MASAKINI.CO – Masyarakat Aceh yang tergabung dalam Aliansi Rakyat Aceh kembali turun tangan mengawal tuntutan aksi yang dilakukan pada 1 September 2025 lalu. Hari ini, mereka mengantarkan surat permohonan Rapat Dengar Pendapat Umum (RDPU) ke DPRA, sebagai kelanjutan dari aksi besar kemarin.
Koordinator Lapangan, Miftah, menegaskan bahwa langkah ini diambil karena sampai hari ini tidak ada keseriusan dewan menanggapi tujuh tuntutan pokok yang telah mereka tandatangani di hadapan ribuan massa aksi.
“Sejak aksi kemarin, kami belum melihat langkah nyata dari DPRA. Maka hari ini kami masukkan surat agar RDPU bisa dilaksanakan segera, pada Kamis 11 September,” kata Miftah, Senin (8/9/2025).
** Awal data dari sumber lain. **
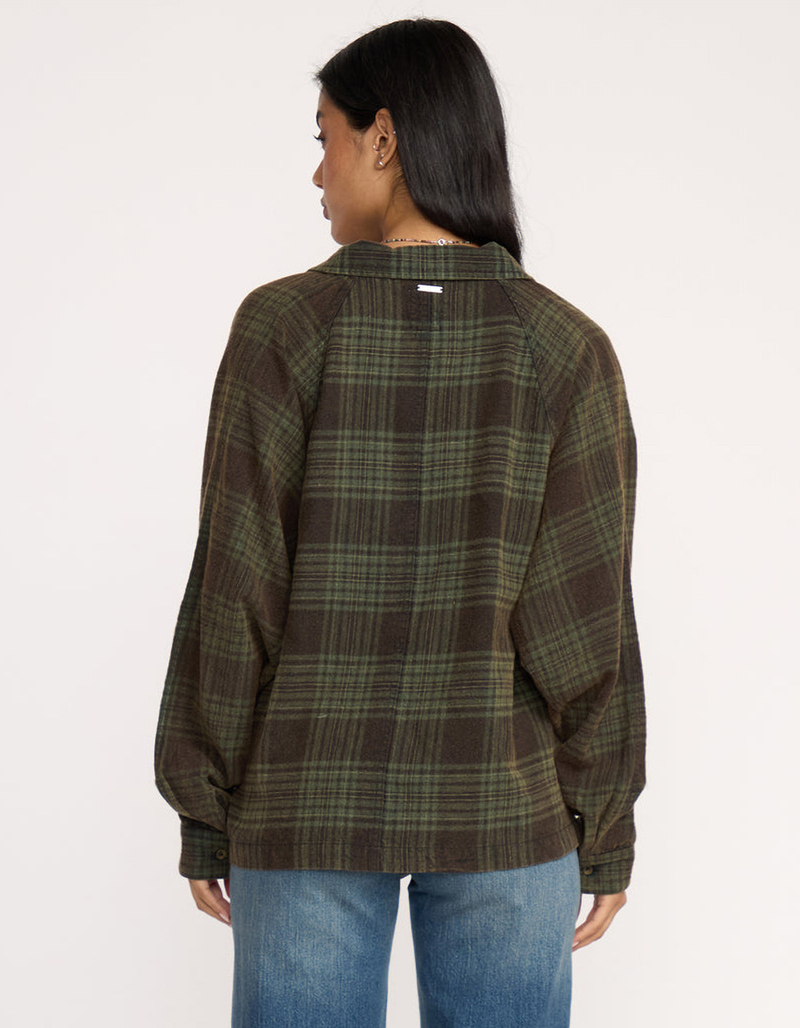BILLABONG Coastal Breeze Womens Oversized Flannel image number 2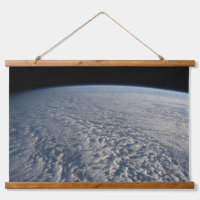 Stratocumulus Wolken über dem Pazifik.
Menurutnya, tuntutan yang disuarakan masyarakat bukan hal sepele. Mulai dari reformasi Dewan Perwakilan Rakyat (DPR) dan Polri, penuntasan kasus pelanggaran HAM di Aceh, evaluasi tambang, pembebasan peserta aksi yang ditahan, transparansi penggunaan dana Otsus, hingga penolakan rencana penambahan batalyon teritorial di Aceh yang dianggap bertentangan dengan MoU Helsinki.
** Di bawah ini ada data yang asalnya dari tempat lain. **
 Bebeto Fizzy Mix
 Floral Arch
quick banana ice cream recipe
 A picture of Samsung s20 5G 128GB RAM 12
“Kami tidak mau janji yang ditandatangani di depan rakyat hanya jadi seremoni. Rakyat sudah terlalu sering dikhianati dengan janji kosong,” tegas Miftah.
Miftah juga menyinggung isu politik yang kerap dijadikan dagangan oleh sebagian elite di Aceh, termasuk wacana pisah dari pusat. Menurutnya hal itu tak perlu dilakukan, yang penting mampu menjalankan pemerintahan yang baik dan benar.
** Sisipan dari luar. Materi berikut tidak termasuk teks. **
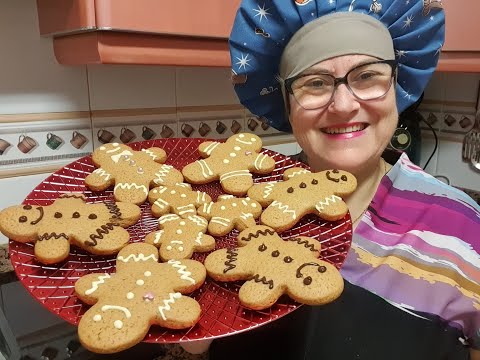 Galletas de Jengibre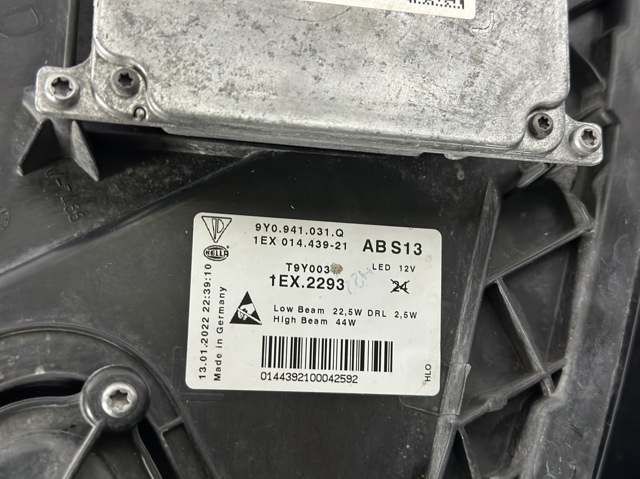 9Y0941031Q PORSCHE купить в Полтава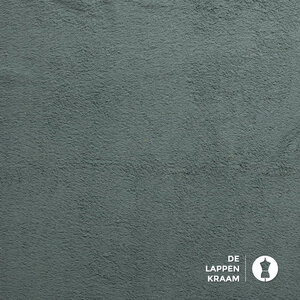 Basic Badstof donker oud groen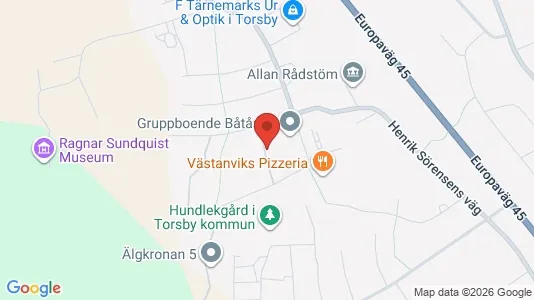 Apartments for rent i Torsby - kort over placeringen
Miftah menegaskan bahwa perjuangan ARA bukan soal politik praktis, melainkan soal keadilan dan kesejahteraan rakyat. Ia juga mengingatkan agar luka masa lalu tidak kembali diabaikan. KKA, Rumoh Geudong, Jambo Keupok, Arakundo.
“Lebih baik kita pikirkan dulu bagaimana mensejahterakan rakyat dan realisasikan poin tuntutan yang disampaikan oleh masyarakat,” tuturnya.